Each record must be output exactly and in full.
BEGIN Data provided
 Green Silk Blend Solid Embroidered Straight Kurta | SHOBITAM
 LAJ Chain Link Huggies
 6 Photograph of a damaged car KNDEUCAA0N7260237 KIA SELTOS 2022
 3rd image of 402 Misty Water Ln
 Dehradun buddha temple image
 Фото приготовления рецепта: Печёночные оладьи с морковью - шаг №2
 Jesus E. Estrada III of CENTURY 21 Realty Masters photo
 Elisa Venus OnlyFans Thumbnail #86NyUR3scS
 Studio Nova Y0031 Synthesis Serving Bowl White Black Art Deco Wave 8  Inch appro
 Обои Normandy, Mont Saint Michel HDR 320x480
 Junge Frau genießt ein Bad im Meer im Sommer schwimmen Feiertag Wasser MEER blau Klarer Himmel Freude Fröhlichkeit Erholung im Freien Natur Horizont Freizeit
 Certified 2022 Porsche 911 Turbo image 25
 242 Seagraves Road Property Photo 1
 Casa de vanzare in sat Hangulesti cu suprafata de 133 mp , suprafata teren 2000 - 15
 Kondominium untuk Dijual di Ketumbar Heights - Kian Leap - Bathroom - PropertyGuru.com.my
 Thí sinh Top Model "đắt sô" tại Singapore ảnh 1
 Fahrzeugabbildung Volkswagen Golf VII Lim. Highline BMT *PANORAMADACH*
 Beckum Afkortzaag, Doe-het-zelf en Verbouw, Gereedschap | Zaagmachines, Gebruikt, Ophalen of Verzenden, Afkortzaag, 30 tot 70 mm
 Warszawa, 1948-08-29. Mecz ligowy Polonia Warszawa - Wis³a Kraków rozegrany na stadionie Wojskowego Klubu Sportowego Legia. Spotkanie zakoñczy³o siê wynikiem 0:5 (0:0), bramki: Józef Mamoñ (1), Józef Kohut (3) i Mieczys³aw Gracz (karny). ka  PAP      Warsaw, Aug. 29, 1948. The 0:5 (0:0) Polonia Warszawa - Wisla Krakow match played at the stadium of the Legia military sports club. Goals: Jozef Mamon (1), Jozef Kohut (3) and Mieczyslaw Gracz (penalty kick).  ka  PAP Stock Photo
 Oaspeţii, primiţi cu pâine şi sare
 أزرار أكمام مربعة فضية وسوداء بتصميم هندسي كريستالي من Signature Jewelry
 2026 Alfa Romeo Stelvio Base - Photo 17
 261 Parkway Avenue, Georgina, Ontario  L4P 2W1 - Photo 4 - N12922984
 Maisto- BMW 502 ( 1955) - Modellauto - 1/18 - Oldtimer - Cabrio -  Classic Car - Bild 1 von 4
END Data provided
- Your solution
 Green Silk Blend Solid Embroidered Straight Kurta | SHOBITAM
 LAJ Chain Link Huggies
 6 Photograph of a damaged car KNDEUCAA0N7260237 KIA SELTOS 2022
 3rd image of 402 Misty Water Ln
 Dehradun buddha temple image
 Фото приготовления рецепта: Печёночные оладьи с морковью - шаг №2
 Jesus E. Estrada III of CENTURY 21 Realty Masters photo
 Elisa Venus OnlyFans Thumbnail #86NyUR3scS
 Studio Nova Y0031 Synthesis Serving Bowl White Black Art Deco Wave 8  Inch appro
 Обои Normandy, Mont Saint Michel HDR 320x480
 Junge Frau genießt ein Bad im Meer im Sommer schwimmen Feiertag Wasser MEER blau Klarer Himmel Freude Fröhlichkeit Erholung im Freien Natur Horizont Freizeit
 Certified 2022 Porsche 911 Turbo image 25
 242 Seagraves Road Property Photo 1
 Casa de vanzare in sat Hangulesti cu suprafata de 133 mp , suprafata teren 2000 - 15
 Kondominium untuk Dijual di Ketumbar Heights - Kian Leap - Bathroom - PropertyGuru.com.my
 Thí sinh Top Model "đắt sô" tại Singapore ảnh 1
 Fahrzeugabbildung Volkswagen Golf VII Lim. Highline BMT *PANORAMADACH*
 Beckum Afkortzaag, Doe-het-zelf en Verbouw, Gereedschap | Zaagmachines, Gebruikt, Ophalen of Verzenden, Afkortzaag, 30 tot 70 mm
 Warszawa, 1948-08-29. Mecz ligowy Polonia Warszawa - Wis³a Kraków rozegrany na stadionie Wojskowego Klubu Sportowego Legia. Spotkanie zakoñczy³o siê wynikiem 0:5 (0:0), bramki: Józef Mamoñ (1), Józef Kohut (3) i Mieczys³aw Gracz (karny). ka  PAP      Warsaw, Aug. 29, 1948. The 0:5 (0:0) Polonia Warszawa - Wisla Krakow match played at the stadium of the Legia military sports club. Goals: Jozef Mamon (1), Jozef Kohut (3) and Mieczyslaw Gracz (penalty kick).  ka  PAP Stock Photo
 Oaspeţii, primiţi cu pâine şi sare
 أزرار أكمام مربعة فضية وسوداء بتصميم هندسي كريستالي من Signature Jewelry
 2026 Alfa Romeo Stelvio Base - Photo 17
 261 Parkway Avenue, Georgina, Ontario  L4P 2W1 - Photo 4 - N12922984
 Maisto- BMW 502 ( 1955) - Modellauto - 1/18 - Oldtimer - Cabrio -  Classic Car - Bild 1 von 4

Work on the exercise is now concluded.